Knowledge for farmers

Climate & Natural resources,Food Security01 Nov 2010Janice Jiggins

For the last fifty years the education of small farmers in their primary occupation – farming – has been neglected. Governments and aid agencies in the South instead have focused their resources on providing publicly funded services that ‘extended’ the findings of research to small farmers through agents employed by the government. Typically, only the ‘top third’ of farmers ever received direct assistance. In recent years most countries have dismantled or reduced even these services under budgetary pressures, with the as yet unfulfilled expectation that ‘the market’ would take care of farmers’ needs for information and service.

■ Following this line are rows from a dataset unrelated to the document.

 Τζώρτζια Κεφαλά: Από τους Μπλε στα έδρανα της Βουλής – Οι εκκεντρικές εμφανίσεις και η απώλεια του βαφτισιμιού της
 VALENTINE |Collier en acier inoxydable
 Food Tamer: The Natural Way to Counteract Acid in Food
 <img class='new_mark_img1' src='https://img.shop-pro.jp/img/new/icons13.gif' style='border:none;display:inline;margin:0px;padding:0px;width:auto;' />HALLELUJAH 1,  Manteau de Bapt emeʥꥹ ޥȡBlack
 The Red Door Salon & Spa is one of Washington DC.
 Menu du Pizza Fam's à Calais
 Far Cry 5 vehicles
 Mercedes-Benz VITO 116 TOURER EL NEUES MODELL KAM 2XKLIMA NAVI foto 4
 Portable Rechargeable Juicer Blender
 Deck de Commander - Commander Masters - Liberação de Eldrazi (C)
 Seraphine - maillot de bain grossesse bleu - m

The conference therefore calls for the exchange of new ideas and experiences. Here are some worth considering:

Farmer education

Farmer Field Schools help educate farmers in their own fields. The schools were pioneered initially in Indonesia to assist farmers to learn by experimentation and observation how to manage a pest in rice (the Brown Plant Hopper) by means of ‘integrated’ management that reduces dependence on chemical treatments. The schools have since spread throughout the world, and taken on a wider range of educational themes, including marketing, animal disease management and monitoring of climate trends. ‘Graduate’ farmers are offering field schools to other farmers, and often have taken on broader leadership roles in villages and district development as well. The Indian government has enrolled a network of field school graduates to assist in the monitoring of new insect pests by providing them with personal digital recorders for registering and transmitting their field observations to the relevant authorities (arnoud.braun@ffs-foundaition.nl).

Advisory services

Local governments and non-government organizations, starting in Bolivia in Latin America, are creating a network of mobile advisory services for managing crop health. CABI, a not-for-profit, science-based development and information organization based in the United Kingdom, has helped to develop and spread the idea to other parts of the world. The idea is simple: a mobile van tours an area on a regular schedule, staffed by trained advisors and stocked with information materials; farmers bring specimens of diseased plants for identification and to request management advice. Anything that the staff cannot handle is forwarded to a laboratory in a research institute or university, and the staff send back the requested information and advice in time for the next round of visits. (www.cabi.org).

Extension

Some of the world’s leading food processors (e.g. Campbell Soup Company) and food retailers (e.g. the Co-op supermarket chain in the United Kingdom) are responding to consumer concerns by providing ‘best management’ advice to their suppliers in the small-scale farming community. The advice typically includes integrated pest management, sustainable water use, and integrated management of soil fertility and soil health. Resilience of supply in the face of climate change is very much their business! Privatized water agencies are working with small producers on landscape-scale management of the agro-ecology so as to conserve the quality and quantity of drinking water supplies. And farmers’ organizations supported by NGOs are working to develop stronger resilience to weather variability by combining local and scientific capacity (www.groundswell.org).